# [What the task asks]
Count up the lines below that hold "Villa", then give that count by itself.

# [Dataset entries]
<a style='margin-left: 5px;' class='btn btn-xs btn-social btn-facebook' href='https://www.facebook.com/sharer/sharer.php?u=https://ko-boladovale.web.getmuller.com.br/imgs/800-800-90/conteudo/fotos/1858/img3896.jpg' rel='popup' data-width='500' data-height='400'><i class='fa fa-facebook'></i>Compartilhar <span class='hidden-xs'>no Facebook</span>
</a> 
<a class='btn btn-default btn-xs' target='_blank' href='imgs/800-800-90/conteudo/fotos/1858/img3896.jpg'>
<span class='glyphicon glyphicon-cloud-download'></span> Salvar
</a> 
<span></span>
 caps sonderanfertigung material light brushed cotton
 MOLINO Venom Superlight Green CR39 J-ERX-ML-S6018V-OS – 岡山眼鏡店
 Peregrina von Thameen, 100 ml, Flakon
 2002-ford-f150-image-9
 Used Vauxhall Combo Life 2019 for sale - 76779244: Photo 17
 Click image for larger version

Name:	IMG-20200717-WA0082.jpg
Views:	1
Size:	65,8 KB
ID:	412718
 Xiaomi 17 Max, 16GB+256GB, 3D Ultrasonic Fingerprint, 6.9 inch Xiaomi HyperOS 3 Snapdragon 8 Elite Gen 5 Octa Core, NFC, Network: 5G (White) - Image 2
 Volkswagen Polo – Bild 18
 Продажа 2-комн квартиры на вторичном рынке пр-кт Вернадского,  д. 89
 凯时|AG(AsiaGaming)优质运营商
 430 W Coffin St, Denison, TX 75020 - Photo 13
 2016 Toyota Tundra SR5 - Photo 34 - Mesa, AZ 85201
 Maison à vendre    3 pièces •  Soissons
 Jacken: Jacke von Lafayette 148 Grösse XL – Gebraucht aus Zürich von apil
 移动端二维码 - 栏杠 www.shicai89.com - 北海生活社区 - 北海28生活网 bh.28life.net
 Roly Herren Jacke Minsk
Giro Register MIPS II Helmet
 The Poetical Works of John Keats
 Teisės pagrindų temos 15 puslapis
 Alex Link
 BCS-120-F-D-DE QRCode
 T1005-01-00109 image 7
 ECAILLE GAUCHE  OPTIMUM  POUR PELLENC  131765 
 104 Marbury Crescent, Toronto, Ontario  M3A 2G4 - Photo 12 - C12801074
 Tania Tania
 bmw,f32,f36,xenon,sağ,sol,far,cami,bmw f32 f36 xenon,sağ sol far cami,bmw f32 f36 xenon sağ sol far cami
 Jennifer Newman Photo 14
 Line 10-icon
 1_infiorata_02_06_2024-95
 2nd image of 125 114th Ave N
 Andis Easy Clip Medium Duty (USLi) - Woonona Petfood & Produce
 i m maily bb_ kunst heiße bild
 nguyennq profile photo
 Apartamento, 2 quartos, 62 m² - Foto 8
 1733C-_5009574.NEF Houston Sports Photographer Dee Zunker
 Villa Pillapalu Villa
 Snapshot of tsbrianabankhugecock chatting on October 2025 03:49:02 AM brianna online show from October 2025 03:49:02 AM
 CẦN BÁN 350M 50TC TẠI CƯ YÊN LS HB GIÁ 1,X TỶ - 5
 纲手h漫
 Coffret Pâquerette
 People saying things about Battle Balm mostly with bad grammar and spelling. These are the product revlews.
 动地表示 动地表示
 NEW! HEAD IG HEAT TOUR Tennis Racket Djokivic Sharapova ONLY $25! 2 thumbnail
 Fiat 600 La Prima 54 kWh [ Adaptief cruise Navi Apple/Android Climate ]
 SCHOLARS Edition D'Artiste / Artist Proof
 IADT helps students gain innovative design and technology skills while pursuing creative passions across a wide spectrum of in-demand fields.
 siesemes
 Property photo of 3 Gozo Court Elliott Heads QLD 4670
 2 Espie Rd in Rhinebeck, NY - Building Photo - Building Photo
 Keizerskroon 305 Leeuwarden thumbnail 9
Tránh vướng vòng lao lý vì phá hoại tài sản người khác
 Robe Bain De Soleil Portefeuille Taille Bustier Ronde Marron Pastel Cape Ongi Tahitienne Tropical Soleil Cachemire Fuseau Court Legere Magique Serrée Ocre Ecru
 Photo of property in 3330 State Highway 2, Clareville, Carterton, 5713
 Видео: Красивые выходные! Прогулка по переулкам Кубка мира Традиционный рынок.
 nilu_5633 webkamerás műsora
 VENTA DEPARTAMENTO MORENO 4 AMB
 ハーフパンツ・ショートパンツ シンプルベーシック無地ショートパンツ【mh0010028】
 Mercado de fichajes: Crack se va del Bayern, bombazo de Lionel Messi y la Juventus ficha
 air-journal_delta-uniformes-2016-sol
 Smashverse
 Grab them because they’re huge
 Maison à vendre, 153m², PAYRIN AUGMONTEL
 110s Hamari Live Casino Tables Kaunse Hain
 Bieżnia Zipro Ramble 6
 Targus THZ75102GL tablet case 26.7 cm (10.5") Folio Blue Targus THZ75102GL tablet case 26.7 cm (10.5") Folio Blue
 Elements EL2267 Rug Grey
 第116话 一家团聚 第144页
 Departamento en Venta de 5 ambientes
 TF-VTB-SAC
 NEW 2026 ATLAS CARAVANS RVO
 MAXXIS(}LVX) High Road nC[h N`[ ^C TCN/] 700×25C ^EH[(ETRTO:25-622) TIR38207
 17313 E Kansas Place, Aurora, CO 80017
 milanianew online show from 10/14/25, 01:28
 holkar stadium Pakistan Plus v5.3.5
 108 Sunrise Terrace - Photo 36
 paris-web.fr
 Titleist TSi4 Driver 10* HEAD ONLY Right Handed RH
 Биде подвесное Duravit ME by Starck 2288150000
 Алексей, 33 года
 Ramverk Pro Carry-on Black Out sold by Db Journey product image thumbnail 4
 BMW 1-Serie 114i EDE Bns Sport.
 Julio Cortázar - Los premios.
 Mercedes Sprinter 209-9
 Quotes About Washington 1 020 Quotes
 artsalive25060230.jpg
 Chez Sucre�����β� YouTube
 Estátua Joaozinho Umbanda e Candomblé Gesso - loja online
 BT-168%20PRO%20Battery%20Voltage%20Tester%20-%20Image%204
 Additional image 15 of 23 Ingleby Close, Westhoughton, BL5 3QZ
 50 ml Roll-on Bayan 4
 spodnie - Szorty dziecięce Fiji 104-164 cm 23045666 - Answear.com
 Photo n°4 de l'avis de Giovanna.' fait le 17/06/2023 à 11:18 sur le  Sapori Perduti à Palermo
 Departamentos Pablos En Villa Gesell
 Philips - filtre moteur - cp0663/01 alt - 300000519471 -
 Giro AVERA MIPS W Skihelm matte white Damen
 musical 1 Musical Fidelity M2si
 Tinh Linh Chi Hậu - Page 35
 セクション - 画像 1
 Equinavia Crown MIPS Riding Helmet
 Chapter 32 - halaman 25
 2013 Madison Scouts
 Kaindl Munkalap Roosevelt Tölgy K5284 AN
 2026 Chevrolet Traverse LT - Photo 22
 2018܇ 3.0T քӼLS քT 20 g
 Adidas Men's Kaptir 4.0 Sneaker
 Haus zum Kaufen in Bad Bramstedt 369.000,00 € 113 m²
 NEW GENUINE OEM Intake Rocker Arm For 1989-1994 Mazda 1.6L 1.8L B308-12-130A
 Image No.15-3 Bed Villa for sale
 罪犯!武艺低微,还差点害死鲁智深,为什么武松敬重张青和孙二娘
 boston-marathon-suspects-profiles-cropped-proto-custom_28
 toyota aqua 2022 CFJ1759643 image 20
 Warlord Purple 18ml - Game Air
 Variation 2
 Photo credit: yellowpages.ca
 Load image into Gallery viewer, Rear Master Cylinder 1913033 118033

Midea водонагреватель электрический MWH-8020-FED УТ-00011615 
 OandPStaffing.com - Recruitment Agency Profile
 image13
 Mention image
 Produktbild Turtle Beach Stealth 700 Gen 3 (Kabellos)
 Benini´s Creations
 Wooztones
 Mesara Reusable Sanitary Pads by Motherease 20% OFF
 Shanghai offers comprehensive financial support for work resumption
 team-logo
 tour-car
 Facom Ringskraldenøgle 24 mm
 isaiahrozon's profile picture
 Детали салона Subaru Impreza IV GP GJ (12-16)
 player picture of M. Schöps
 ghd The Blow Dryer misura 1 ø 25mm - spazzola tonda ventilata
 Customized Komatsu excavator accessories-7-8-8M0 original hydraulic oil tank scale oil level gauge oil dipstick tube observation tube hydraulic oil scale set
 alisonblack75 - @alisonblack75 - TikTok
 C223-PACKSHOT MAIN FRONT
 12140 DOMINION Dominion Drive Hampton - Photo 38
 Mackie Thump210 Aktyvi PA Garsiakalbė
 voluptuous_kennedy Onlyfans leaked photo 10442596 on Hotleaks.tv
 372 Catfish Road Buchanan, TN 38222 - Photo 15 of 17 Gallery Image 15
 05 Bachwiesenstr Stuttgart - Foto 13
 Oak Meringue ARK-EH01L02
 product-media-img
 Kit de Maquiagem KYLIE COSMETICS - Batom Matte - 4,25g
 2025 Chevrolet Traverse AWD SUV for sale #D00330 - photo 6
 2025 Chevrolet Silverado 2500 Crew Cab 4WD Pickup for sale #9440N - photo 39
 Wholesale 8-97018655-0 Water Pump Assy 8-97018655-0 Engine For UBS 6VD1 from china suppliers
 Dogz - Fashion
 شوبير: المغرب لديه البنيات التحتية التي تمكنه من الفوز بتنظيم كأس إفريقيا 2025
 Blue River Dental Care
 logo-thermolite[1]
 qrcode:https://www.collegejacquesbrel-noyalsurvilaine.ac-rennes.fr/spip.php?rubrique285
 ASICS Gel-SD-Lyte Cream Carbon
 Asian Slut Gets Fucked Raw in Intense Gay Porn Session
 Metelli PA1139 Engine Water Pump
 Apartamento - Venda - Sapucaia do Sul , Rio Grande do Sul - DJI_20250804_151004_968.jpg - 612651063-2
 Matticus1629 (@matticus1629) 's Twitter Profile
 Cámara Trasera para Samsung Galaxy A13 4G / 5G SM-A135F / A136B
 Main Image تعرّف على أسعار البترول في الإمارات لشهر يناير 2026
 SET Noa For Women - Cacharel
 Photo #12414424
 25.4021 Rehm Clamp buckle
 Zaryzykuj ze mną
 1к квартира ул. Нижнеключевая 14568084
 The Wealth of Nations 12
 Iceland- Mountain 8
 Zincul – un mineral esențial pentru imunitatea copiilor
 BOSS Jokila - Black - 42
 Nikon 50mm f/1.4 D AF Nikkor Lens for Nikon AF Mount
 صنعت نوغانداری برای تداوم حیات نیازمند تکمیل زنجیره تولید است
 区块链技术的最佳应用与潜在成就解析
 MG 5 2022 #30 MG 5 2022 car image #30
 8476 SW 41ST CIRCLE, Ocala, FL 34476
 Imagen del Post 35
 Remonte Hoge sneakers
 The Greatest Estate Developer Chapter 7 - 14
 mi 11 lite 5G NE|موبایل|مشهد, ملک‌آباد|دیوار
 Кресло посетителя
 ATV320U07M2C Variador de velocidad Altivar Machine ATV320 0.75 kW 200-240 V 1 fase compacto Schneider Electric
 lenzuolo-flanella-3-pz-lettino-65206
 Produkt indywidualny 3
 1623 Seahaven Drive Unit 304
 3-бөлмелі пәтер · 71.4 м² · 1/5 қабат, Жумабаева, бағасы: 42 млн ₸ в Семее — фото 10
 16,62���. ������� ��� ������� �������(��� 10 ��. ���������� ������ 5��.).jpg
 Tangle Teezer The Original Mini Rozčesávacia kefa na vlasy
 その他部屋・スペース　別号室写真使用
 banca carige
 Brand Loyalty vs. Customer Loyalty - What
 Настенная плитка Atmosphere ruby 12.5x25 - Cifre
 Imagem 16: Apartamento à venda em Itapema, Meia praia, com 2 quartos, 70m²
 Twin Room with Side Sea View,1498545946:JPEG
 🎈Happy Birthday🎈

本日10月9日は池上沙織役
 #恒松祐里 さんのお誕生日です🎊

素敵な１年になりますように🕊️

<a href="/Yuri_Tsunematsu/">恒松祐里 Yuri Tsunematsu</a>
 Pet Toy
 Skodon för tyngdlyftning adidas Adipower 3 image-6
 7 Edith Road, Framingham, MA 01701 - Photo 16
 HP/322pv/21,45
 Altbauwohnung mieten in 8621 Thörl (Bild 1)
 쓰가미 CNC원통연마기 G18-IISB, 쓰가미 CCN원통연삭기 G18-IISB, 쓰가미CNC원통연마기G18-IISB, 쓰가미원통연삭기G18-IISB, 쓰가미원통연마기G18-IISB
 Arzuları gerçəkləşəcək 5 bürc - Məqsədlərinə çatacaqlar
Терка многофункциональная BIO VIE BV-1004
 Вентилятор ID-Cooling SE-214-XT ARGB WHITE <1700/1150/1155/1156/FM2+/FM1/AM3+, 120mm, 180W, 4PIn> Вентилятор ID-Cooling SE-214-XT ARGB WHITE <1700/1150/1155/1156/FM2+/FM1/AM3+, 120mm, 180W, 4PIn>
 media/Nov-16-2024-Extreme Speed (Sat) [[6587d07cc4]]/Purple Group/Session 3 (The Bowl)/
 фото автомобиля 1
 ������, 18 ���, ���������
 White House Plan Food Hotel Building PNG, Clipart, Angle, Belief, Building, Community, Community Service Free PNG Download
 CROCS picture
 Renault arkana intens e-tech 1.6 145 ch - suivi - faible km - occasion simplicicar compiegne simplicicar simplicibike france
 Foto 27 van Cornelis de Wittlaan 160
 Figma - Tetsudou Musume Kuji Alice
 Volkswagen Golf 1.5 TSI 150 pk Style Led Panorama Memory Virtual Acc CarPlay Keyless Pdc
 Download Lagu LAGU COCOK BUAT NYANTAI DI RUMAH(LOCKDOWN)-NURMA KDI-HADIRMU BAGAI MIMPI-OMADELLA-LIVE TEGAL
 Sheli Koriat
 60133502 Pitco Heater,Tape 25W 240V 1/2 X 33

# [Answer space]
3